We use one Apple ID for all iTunes purchases (music, videos, books & apps) across all devices. Each user of an iOS device also has their own unique Apple ID used for iCloud.

The iMac is our main hub. All music and videos are stored on it. All iOS devices with the exception of any that are mine sync with the iMac. I maintain my own music on the MacBook Air that I manually manage (I will copy over items from the iMac that I want on to the Air and will copy over times that I have added to the Air back to the iMac - I believe that this can be automated with the use of Home Sharing when both computers are on the same network). All iOS devices that are mine sync with the my Air.

Music on the kids's and wife's iOS device are managed individually via syncing with the iMac. This goes for videos as well, however we usually only access videos when we are at home and therefor rely on the built-in Home Sharing ability of each iOS device to stream content from the iMac to the device. This is also how we use the 2nd gen Apple TV.

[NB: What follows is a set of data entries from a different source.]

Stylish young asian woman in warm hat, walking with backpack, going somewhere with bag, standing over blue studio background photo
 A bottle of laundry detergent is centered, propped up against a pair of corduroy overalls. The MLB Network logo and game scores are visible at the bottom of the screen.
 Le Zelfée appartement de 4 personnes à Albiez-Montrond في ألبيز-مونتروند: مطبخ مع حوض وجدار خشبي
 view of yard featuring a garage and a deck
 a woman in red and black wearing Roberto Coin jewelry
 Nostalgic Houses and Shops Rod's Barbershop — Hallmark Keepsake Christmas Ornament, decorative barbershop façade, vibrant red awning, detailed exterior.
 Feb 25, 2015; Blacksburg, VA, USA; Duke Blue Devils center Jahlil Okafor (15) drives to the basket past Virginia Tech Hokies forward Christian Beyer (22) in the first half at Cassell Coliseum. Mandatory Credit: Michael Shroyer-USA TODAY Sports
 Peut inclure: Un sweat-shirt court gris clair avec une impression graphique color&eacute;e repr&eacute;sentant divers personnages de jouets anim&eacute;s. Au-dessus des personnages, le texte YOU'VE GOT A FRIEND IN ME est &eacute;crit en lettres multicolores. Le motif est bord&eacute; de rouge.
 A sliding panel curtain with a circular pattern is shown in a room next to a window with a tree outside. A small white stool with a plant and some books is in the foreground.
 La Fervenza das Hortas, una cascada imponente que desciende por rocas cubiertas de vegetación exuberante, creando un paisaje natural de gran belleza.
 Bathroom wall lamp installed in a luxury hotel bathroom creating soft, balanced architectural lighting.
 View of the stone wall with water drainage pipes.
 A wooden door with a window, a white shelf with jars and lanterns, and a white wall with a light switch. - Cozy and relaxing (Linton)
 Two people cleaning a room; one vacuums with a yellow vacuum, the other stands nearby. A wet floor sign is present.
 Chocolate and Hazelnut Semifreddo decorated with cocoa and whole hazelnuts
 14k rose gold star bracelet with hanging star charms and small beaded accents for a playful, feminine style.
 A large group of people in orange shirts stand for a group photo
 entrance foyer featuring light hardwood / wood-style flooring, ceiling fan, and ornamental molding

We have no iTunes setup on the MacBook Pro as my wife uses the Apple TV or her iPhone to listen to music and only uses the laptop for web browsing.

The 1st gen Apple TV has been jail broken and has had its hard drive upgraded. I manually copy over videos to it for the kids (only non-iTunes purchased videos).

More info on Home Sharing: http://www.apple.com/support/homesharing/getstarted/

On Merging Apple IDs:

This cannot be done: http://support.apple.com/kb/HE37 (5th question down).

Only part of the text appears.